■ Instructions for the task
Give the records again exactly, with every character kept.

■ Source material
▼▼▼

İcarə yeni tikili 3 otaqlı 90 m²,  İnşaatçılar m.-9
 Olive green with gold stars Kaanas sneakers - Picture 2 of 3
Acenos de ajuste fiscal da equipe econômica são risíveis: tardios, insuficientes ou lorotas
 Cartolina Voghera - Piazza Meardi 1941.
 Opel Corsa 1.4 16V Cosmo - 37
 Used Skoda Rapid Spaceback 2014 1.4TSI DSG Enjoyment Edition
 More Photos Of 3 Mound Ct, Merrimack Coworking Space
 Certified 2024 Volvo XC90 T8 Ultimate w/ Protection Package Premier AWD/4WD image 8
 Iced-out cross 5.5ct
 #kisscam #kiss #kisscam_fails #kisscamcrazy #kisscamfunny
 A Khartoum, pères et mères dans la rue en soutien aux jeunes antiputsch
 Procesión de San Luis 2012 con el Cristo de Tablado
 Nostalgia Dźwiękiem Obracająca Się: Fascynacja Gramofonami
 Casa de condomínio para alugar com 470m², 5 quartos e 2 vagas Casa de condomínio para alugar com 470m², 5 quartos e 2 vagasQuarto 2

▲▲▲

■ Response box
İcarə yeni tikili 3 otaqlı 90 m²,  İnşaatçılar m.-9
 Olive green with gold stars Kaanas sneakers - Picture 2 of 3
Acenos de ajuste fiscal da equipe econômica são risíveis: tardios, insuficientes ou lorotas
 Cartolina Voghera - Piazza Meardi 1941.
 Opel Corsa 1.4 16V Cosmo - 37
 Used Skoda Rapid Spaceback 2014 1.4TSI DSG Enjoyment Edition
 More Photos Of 3 Mound Ct, Merrimack Coworking Space
 Certified 2024 Volvo XC90 T8 Ultimate w/ Protection Package Premier AWD/4WD image 8
 Iced-out cross 5.5ct
 #kisscam #kiss #kisscam_fails #kisscamcrazy #kisscamfunny
 A Khartoum, pères et mères dans la rue en soutien aux jeunes antiputsch
 Procesión de San Luis 2012 con el Cristo de Tablado
 Nostalgia Dźwiękiem Obracająca Się: Fascynacja Gramofonami
 Casa de condomínio para alugar com 470m², 5 quartos e 2 vagas Casa de condomínio para alugar com 470m², 5 quartos e 2 vagasQuarto 2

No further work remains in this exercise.